On Thu, 25 Jul 2024 at 08:39, Amit Kapila <[email protected]> wrote:
>
> On Wed, Jul 24, 2024 at 9:13 PM Tom Lane <[email protected]> wrote:
> >
> > Amit Kapila <[email protected]> writes:
> > > I merged these changes, made a few other cosmetic changes, and pushed the
> > > patch.
> >
> > There is a CF entry pointing at this thread [1]. Should it be closed?
> >
>
> Yes, closed now. Thanks for the reminder.
I noticed one random test failure in my environment with 021_twophase test.
[10:37:01.131](0.053s) ok 24 - should be no prepared transactions on subscriber
error running SQL: 'psql:<stdin>:2: ERROR: cannot alter two_phase
when logical replication worker is still running
HINT: Try again after some time.'
We can reproduce the issue by adding a delay at apply_worker_exit like
in the attached Reproduce_random_021_twophase_test_failure.patch
patch.
This is happening because the check here is wrong:
+$node_subscriber->poll_query_until('postgres',
+ "SELECT count(*) = 0 FROM pg_stat_activity WHERE backend_type =
'logical replication worker'"
Here "logical replication worker" should be "logical replication apply worker".
Attached patch has the changes for the same.
Regards,
Vignesh
From 981cb77850f6576bf4f82ddad616623a3ef27ed8 Mon Sep 17 00:00:00 2001
From: Vignesh C <[email protected]>
Date: Tue, 30 Jul 2024 15:45:04 +0530
Subject: [PATCH] Fix random failure in 021_twophase.
After disabling the subscription, the failed test was changing two_phase
option for the subscription.
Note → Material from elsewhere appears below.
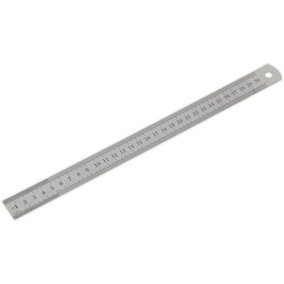 300mm Steel Ruler - Metric & Imperial Markings - Hanging Hole - 12 Inch Rule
We missed waiting for apply worker to exit
because of a wrong check.
---
src/test/subscription/t/021_twophase.pl | 4 ++--
1 file changed, 2 insertions(+), 2 deletions(-)
diff --git a/src/test/subscription/t/021_twophase.pl b/src/test/subscription/t/021_twophase.pl
index a47d3b7dd6..5e50f1af33 100644
--- a/src/test/subscription/t/021_twophase.pl
+++ b/src/test/subscription/t/021_twophase.pl
@@ -385,7 +385,7 @@ is($result, qq(t), 'two-phase is enabled');
$node_subscriber->safe_psql('postgres',
"ALTER SUBSCRIPTION tap_sub_copy DISABLE;");
$node_subscriber->poll_query_until('postgres',
- "SELECT count(*) = 0 FROM pg_stat_activity WHERE backend_type = 'logical replication worker'"
+ "SELECT count(*) = 0 FROM pg_stat_activity WHERE backend_type = 'logical replication apply worker'"
);
$node_subscriber->safe_psql(
'postgres', "
@@ -434,7 +434,7 @@ is($result, qq(0), 'should be no prepared transactions on subscriber');
$node_subscriber->safe_psql('postgres',
"ALTER SUBSCRIPTION tap_sub_copy DISABLE;");
$node_subscriber->poll_query_until('postgres',
- "SELECT count(*) = 0 FROM pg_stat_activity WHERE backend_type = 'logical replication worker'"
+ "SELECT count(*) = 0 FROM pg_stat_activity WHERE backend_type = 'logical replication apply worker'"
);
$node_subscriber->safe_psql(
'postgres', "
--
2.34.1
diff --git a/src/backend/replication/logical/worker.c b/src/backend/replication/logical/worker.c
index ec96b5fe85..f49eab78c2 100644
--- a/src/backend/replication/logical/worker.c
+++ b/src/backend/replication/logical/worker.c
@@ -3827,6 +3827,7 @@ send_feedback(XLogRecPtr recvpos, bool force, bool requestReply)
static void
apply_worker_exit(void)
{
+ sleep(1);
if (am_parallel_apply_worker())
{
/*